Disclaimer: I am not familiar with US law. Please see an attorney, and don't get worried before an attorney tells you to. :-)
I'm a little taken back by something no-one has mentioned yet. Share certificates. Over here, shares are registered to the owners name. For small early stage companies the share certificate might simply be a plain piece of paper, with a legal text that grants shares, mentions the nominal value and the series of issue etc, and is signed as required. In this case, the owners name is simply written on the share certificate itself, and and the company secretary keeps a record of all shares issued.
If you don't have a share certificate, then my gut feeling (without knowing US law) is that you don't have any shares at the moment? You have a contract that say you should be given shares now, but it hasn't happened yet. If the breakup was less than amicable, maybe there is a problem here.
So I'd advise you to contact a lawyer, identify the open issues, and send a warm an positive letter to the company, as Civil and Thoughtful suggests.
asking to be updated on current valuation and exit plans or just assume that their lawyers will contact me when an exit occurs?

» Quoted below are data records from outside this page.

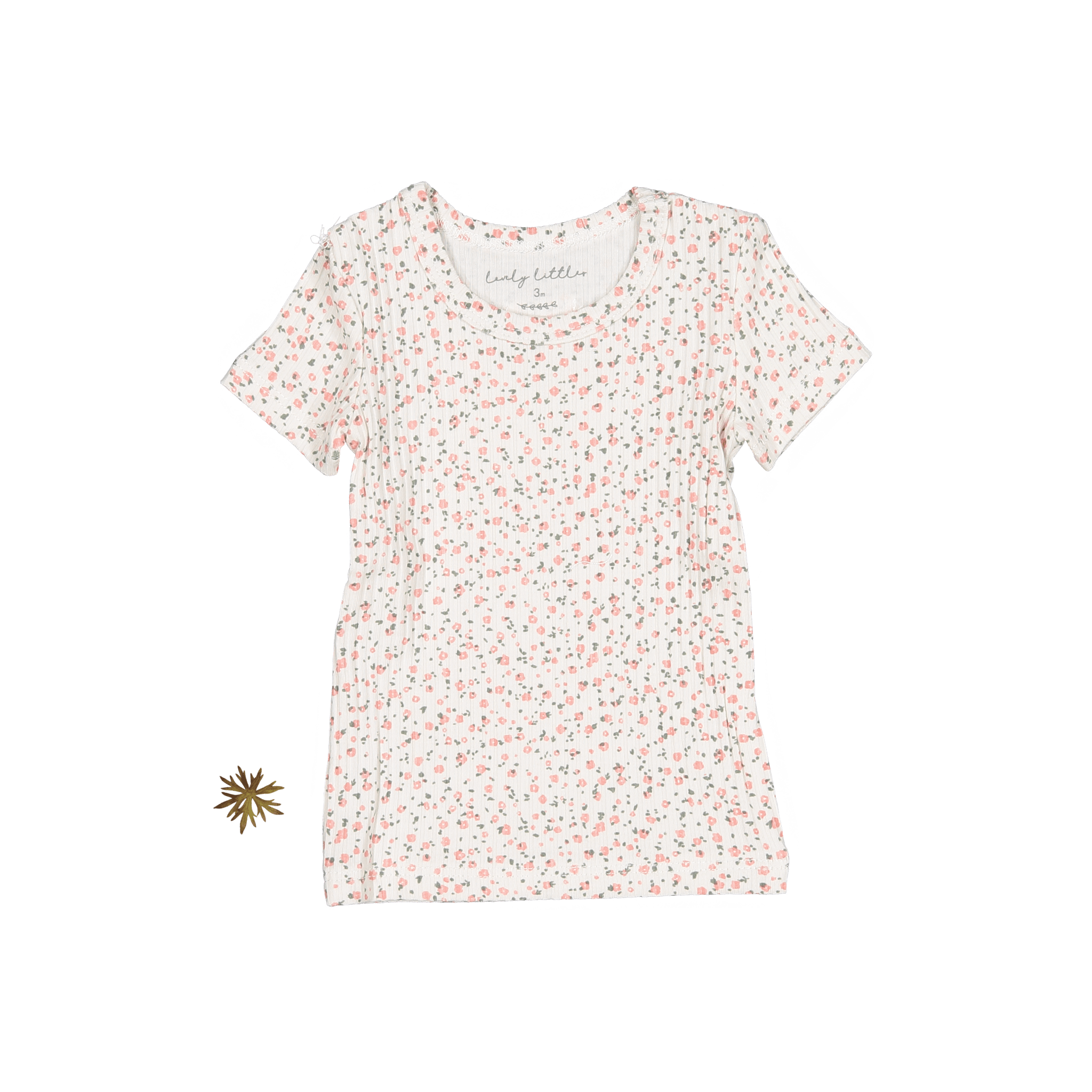 The Printed Short Sleeve Tee - Pearl Bud Short Sleeve Tee Lovely Littles   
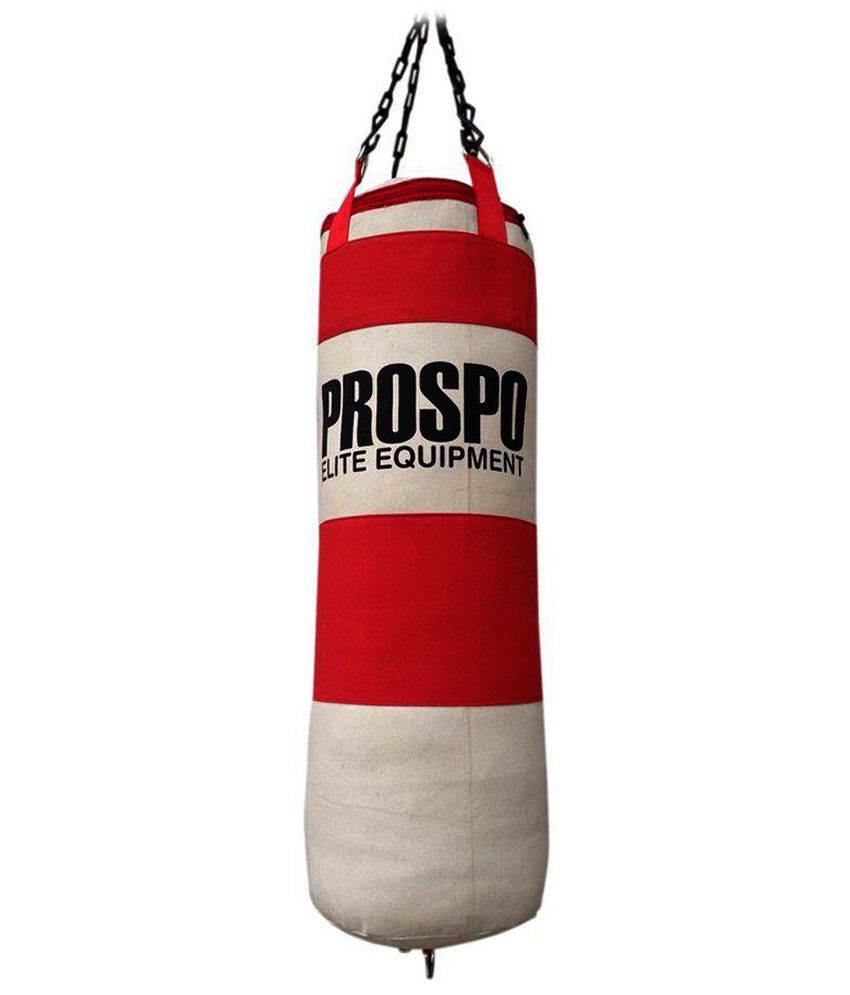 Prospo Red and White Canvas Punching Bag Buy Online at Best Price on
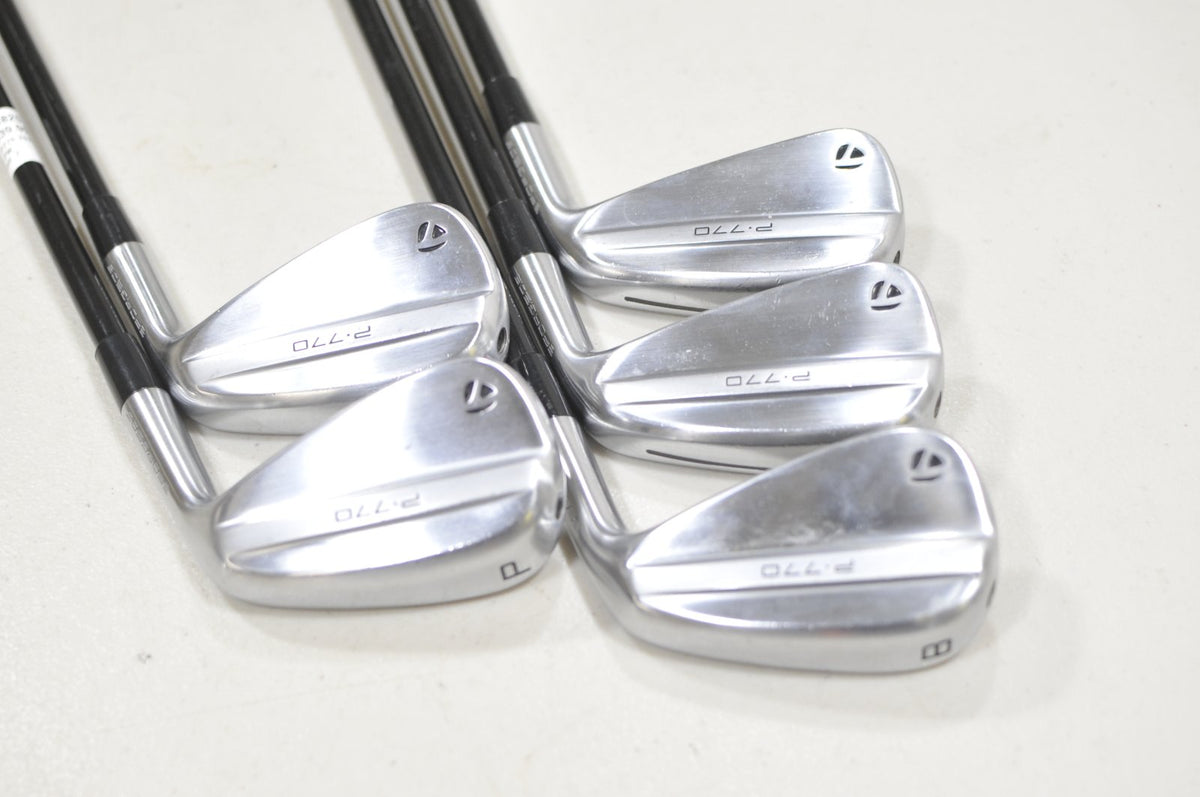 TaylorMade P770 2025 6-PW Iron Set Stiff Flex Right MMT 75g Graphite #228825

Once the status of your shares is sorted out, I would say keep reading industry websites, and set up a google alert on the company name. The company is not required to send you ongoing newsletters of what is happening, their communication with the shareholders is mainly the annual report and the annual shareholders meeting. If an exit comes up, then there will generally be an offer to all shareholders to sell/exchange their shares at a set price, and I would expect you to be notified of this.
What are my rights as a shareholder, if any?
Mainly to vote at the annual shareholders meeting with the number of votes your shares give you, to receive pro rata dividends if the company chooses to pay out dividends; see this overview from Wikipedia.